In the middle of nowhere

Author:

Aus aktuellem Anlass ein Bericht von Nora Gummert-Hauser über ihren Besuch bei Jack Usine, der das Fontlabel www.smeltery.net gegründet hat. Jacks Font «Soupirs» wird im neuen SLANTED Magazin vorgestellt.

Nora, vielen Dank!

---

Nach einer halb durchwachten Gewitternacht im Zelt am der französischen Atlantikküste fahre ich nun nach Roquefort. Ich weiß nicht, ob das der Ort ist, wo der Käse herkommt, aber ich weiß, es ist der Ort inmitten der „Landes“ im Südwesten Frankreichs, an welchem ich jetzt gleich den Mann kennen lerne, dessen Arbeiten ich schon seit einiger Zeit beobachte und schätze: Jack Usine.

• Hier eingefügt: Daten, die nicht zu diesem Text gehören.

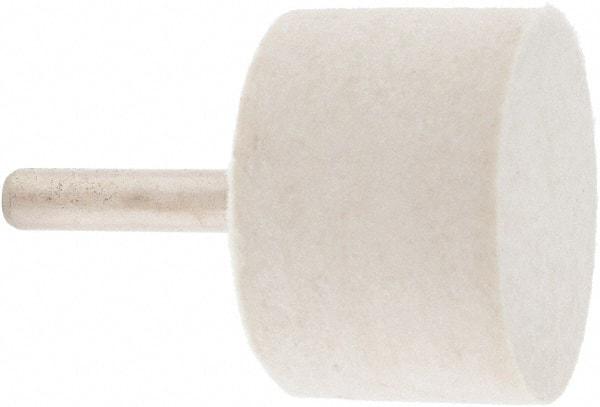 Value Collection - 1-1/2" Diam, 1/4" Shank Diam, Cylinder Shaped Mounted Bob - Rock Hard Density, 1" Head Length, 2" Shank Length, Wool Felt - Exact Tool & Supply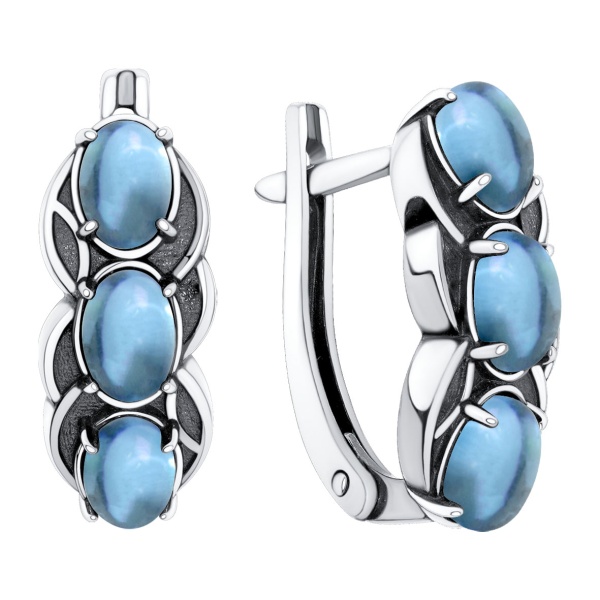 Серьги из серебра с фианитами со скидкой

Vor einer Woche habe ich per Mail den Termin ausgemacht, und ich bin gespannt ob alles klappt. Wir kommen an einem alten Fabrikgelände an, welches von einigen Künstlern zu einer Art Kulturfabrik umgebaut wurde. Hier in Roquefort ist an diesem Wochenende ein Event, an dem er und Fanny Garcia, mit der er unter dem Namen Gusto zusammenarbeitet, teilnehmen. Es ist heiß, Matias Matta, ein Künstler von den Kanaren ist noch dabei sein Graffiti auf der Außenwand, an welcher er über eine Woche gearbeitet hat, zu beenden, und wir gehen los und suche Jack und Fanny. Als ich nach Ihnen frage, stehen sie auch schon direkt vor mir. Ich bin ziemlich verblüfft: So jung hatte ich mir die beiden nicht vorgestellt, bei der Masse an Arbeiten, die ich von beiden schon gesehen habe. Wir wandern ein wenig übers Gelände ... in einem Raum gibt es eine Ausstellung mit grafischen Arbeiten, und ich kann die Plakat-Serie sehen, an der die beiden in 2007, für eine Ausstellung im CAPC in Bordeaux, beteiligt waren. In der großen Halle wird die Musik aufgebaut ... abends soll bis spät in die Nacht noch eine Band spielen, und draußen im Garten des Geländes sind einige Künstler und Grafiker schon damit beschäftigt, die vorgefertigten Kimono-Modelle der Designerin Natacha Sansoz vielfältig zu bearbeiten. Es ist 16 Uhr und noch ist es ziemlich ruhig auf dem Gelände. Wir suchen ein Plätzchen im Schatten um uns zu unterhalten und irgendwo her schleppt Fanny Bänke an, auf die wir uns setzen.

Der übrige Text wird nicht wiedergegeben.